Se citaron los dos para en la plaza
tal día, y a tal hora, y en tal suerte:
una vida de muerte
y una muerte de raza.
Dentro del ruedo, un sol que daba pena,
se hacía más redondo y amarillo
en la inquietud inmóvil de la arena
con Dios alrededor, perfecto anillo.
Fuera, arriba, en el palco y en la grada,
deseos con mantillas.
Salió la muerte astada,
palco de banderillas.
(Había hecho antes,
a lo sutil, lo primoroso y fino,
el clarín sus galleos más brillantes,
verdadera y fatalmente divino.)
Vino la muerte del chiquero: vino
de la valla, de Dios, hasta su encuentro
la vida entre la luz, su indumentaria;
y las dos se pararon en el centro,
ante la una mortal, la otra estatuaria.
Comenzó el juego, expuesto
por una y otra parte...
La vida se libraba, ¡con qué gesto!,
de morir, ¡con qué arte!
Pero una vez –había de ser una–
es copada la vida por la muerte
y se desafortuna
la burla, y en tragedia se convierte
Morir es una suerte
como vivir: ¡de qué!, ¡de qué manera!
supiste ejecutarla y el berrendo.
Tu muerte fue vivida a la torera,
lo mismo que tu vida fue muriendo.
No: a ti no te distrajo,
el tendido vicioso e iracundo,
el difícil trabajo
de ir a Dios por la muerte y por el mundo.

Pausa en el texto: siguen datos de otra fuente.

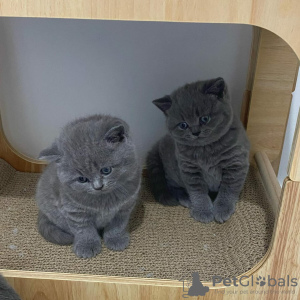 Photo №1. british shorthair - à vendre en ville de Salvador | négocié | Annonce № 114796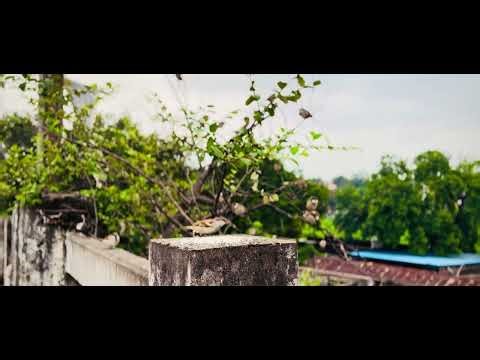 “Beautiful Birds Chirping 🌸 Calming Nature Video for Relaxation”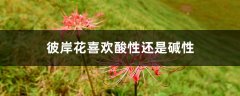 彼岸花喜欢酸性还是碱性，野外挖的彼岸花怎么养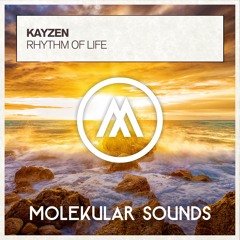 KayZen - Rhythm Of Life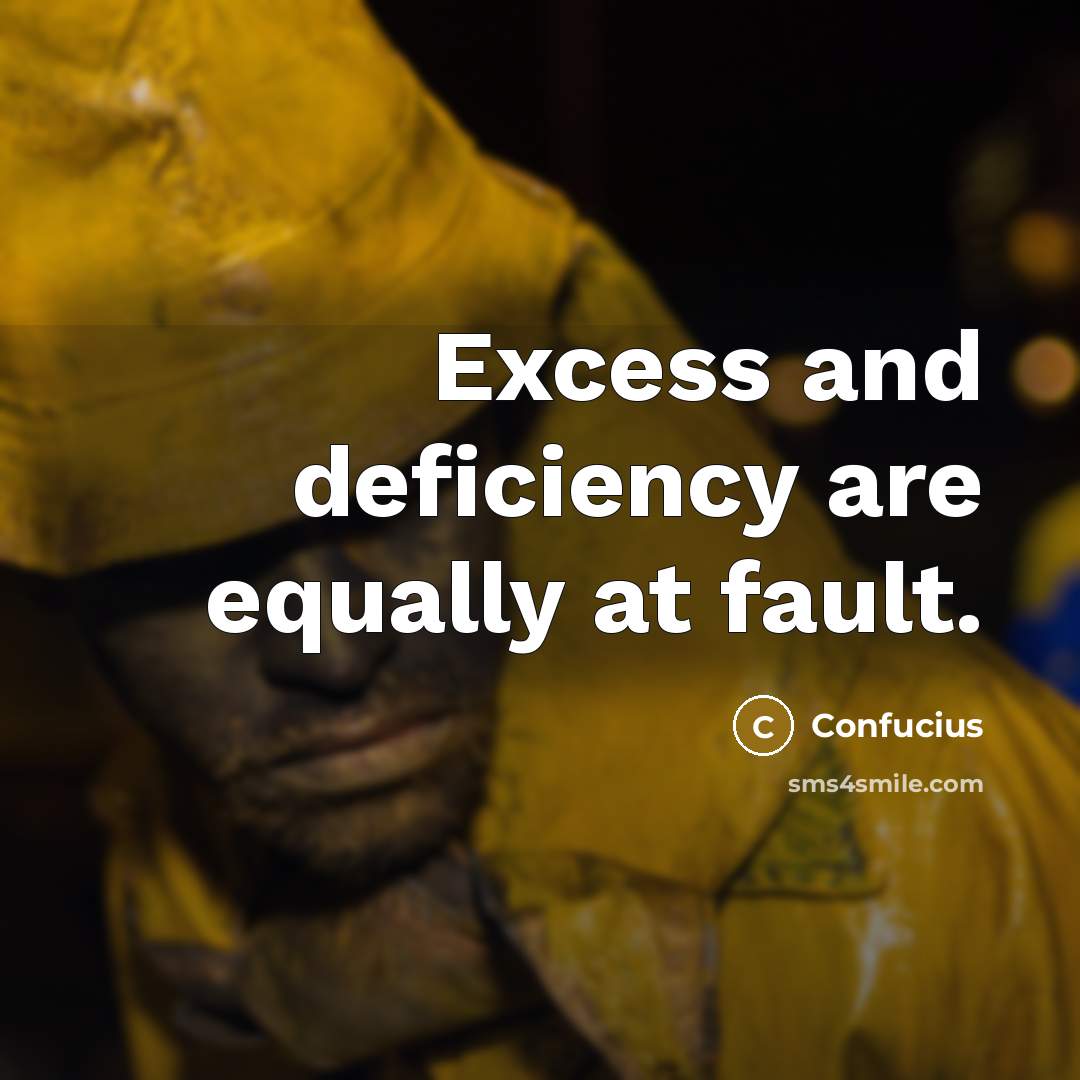 “Excess and deficiency are equally at fault.…” quote by Confucius
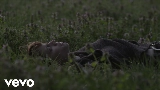 Vorschaubild des Videos Ricordi (con Elisa)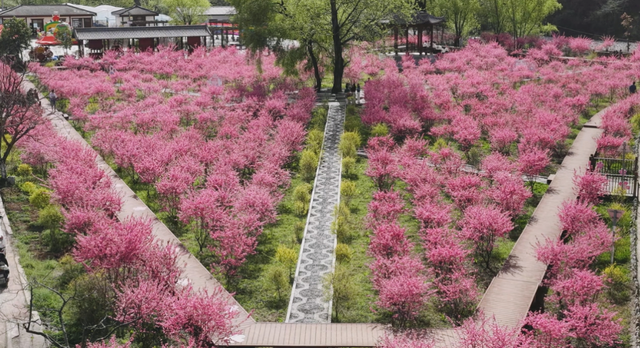 两当：一城繁花绘春色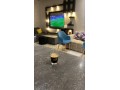 appartement-uniquement-pour-les-familles-small-5
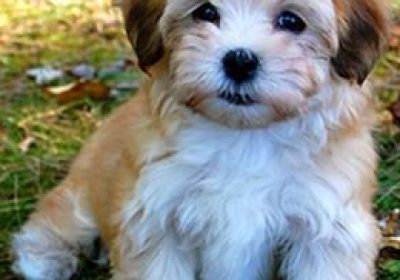 哈瓦那犬缩略图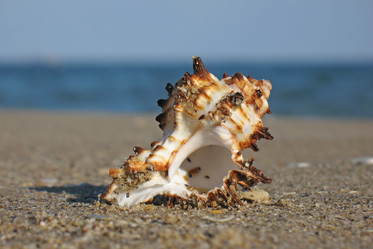 Similar image 167122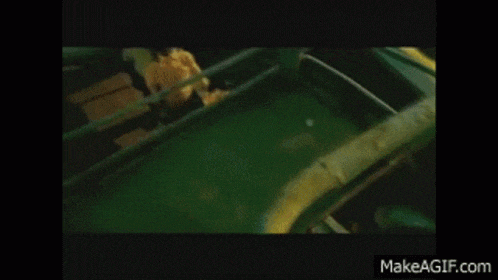 a group of people are jumping into a body of water with the website makeagif.com in the corner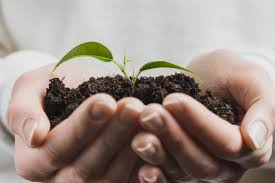 Ein ausführliches werk, das moderne wissenschaftliche erkenntnisse mit traditionellen überlieferungen und ganzheitlichen energieformen aufs beste verbindet. Die Krauter In Meinem Garten Den Garten Entdecken Mainlike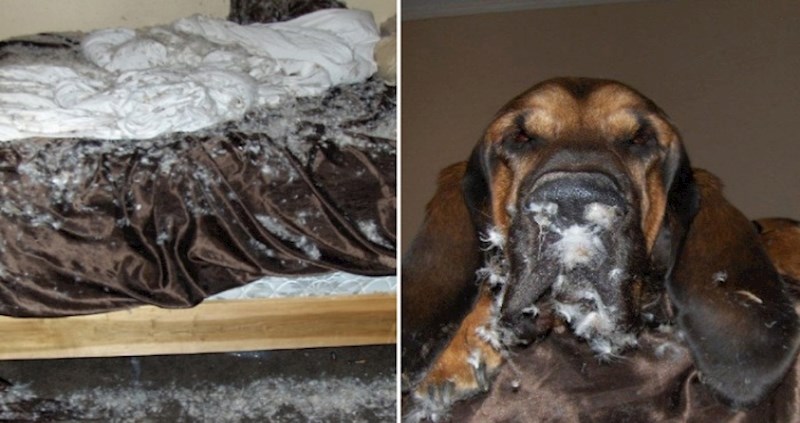 18 pasa koji su svojim nedjelima pokazali da su zločestiji od mačaka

Tu atención sólo han sido toro y ruedo;
tu vocación, el cuerno fulminante.
Con el valor sublime de tu miedo,
el valor más gigante,
la esperabas de mármol elegante.
Te dedicaste al hueso más avieso,
que te ha dejado a ti en el puro hueso,
y eres el colmo ya de la finura.
Mas ¿qué importa? que acabes... ¿No acabamos?
todos, aquí, criatura,
allí en el sitio donde Todo empieza.
Total, total, ¡total!: di: ¿no tocamos?
a muerte, a infierno, a gloria por cabeza.
Quisiera yo, Mejías,
a quien el hueso y cuerno
ha hecho estatua, cayado, paz, eterno,
esperar y mirar, cual tú solías,
a la muerte: ¡de cara!,
con un valor que era un temor interno
de que no te matara.
Quisiera el desgobierno
de la carne, vidriera delicada,
la manifestación del hueso fuerte.
Estoy queriendo, y temo la cornada
de tu momento, muerte.
Espero, a pie parado,
el ser, cuando Dios quiera, despenado,
con la vida de miedo medio muerta.
Que en ese cuando, amigo,
alguien diga por mí lo que yo digo
por ti con voz serena que aparento:
San Pedro, ¡abre! la puerta:
abre los brazos, Dios, y dale asiento.